## TASK REQUIREMENTS
Each line in the material below, starting at the one that contains "スタイリスト岡部久仁子さんセ" and ending at the one that contains "Han Seung-yeon’s camp", should be repeated exactly; the pictures should not.

## INPUT

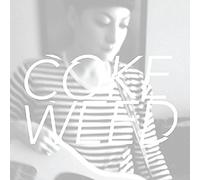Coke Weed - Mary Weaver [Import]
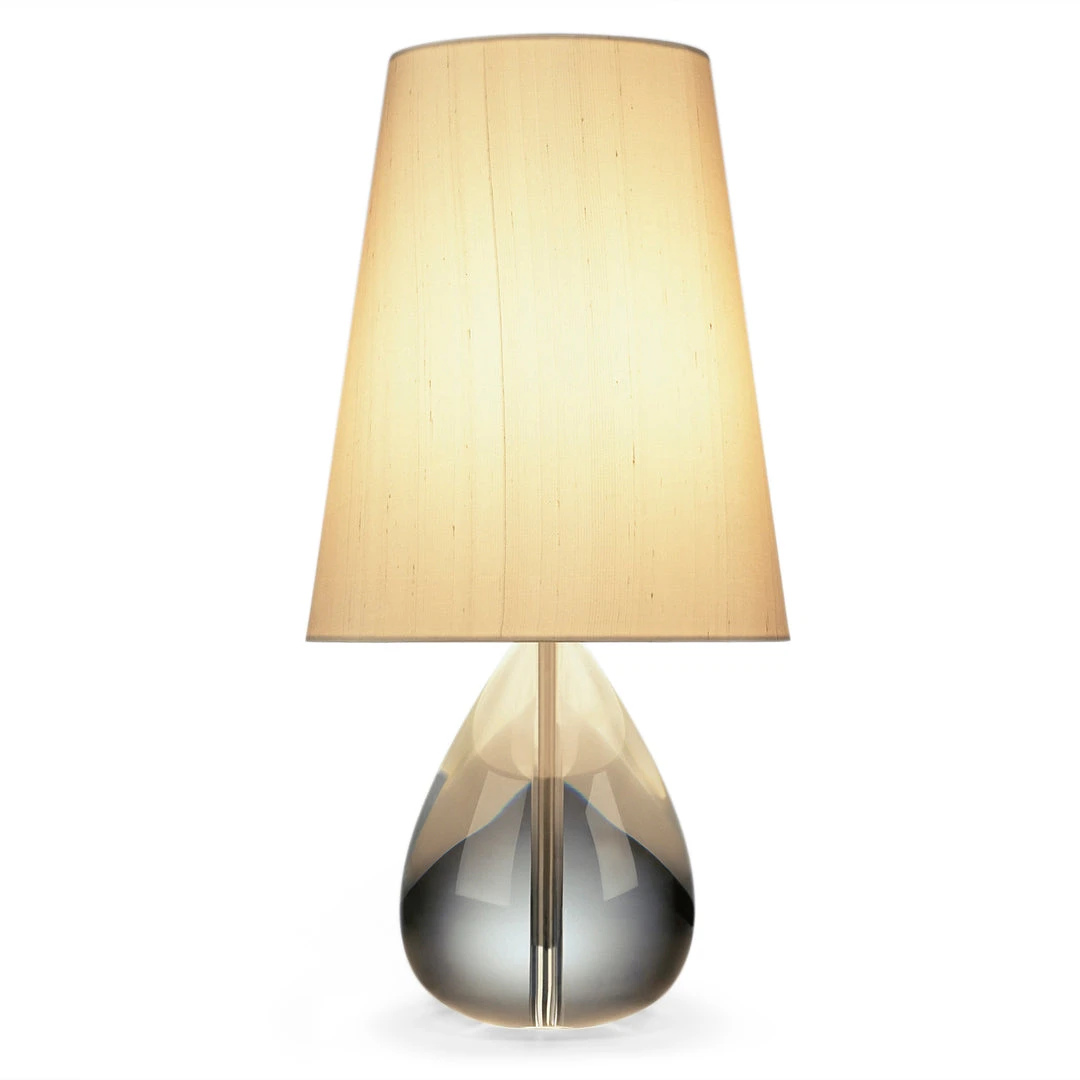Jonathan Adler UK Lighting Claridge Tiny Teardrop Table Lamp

* * *

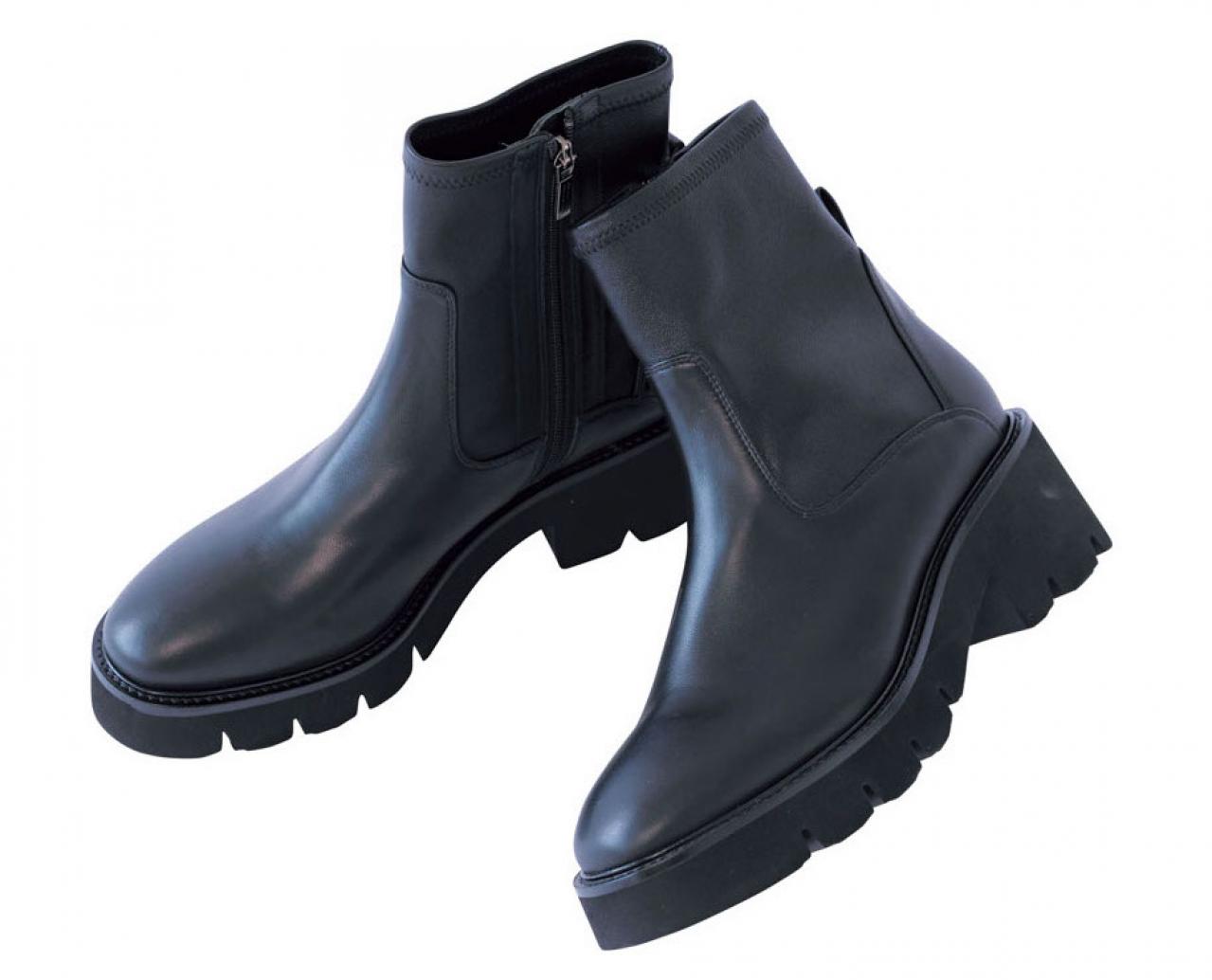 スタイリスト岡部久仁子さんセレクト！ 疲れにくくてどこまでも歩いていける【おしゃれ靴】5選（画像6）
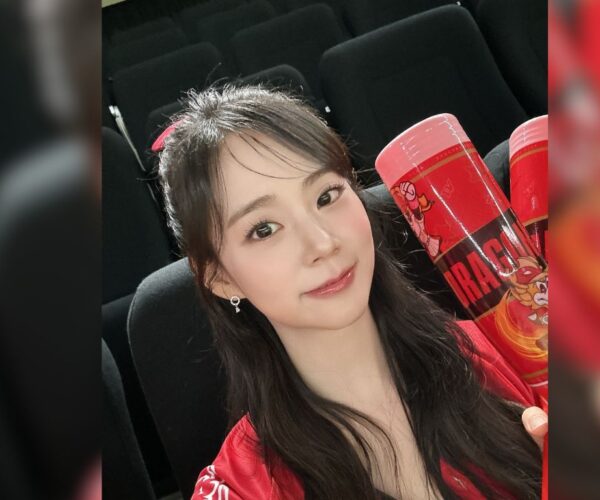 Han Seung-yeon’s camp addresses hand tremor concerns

## FINISHED EXERCISE
 スタイリスト岡部久仁子さんセレクト！ 疲れにくくてどこまでも歩いていける【おしゃれ靴】5選（画像6）
 Han Seung-yeon’s camp addresses hand tremor concerns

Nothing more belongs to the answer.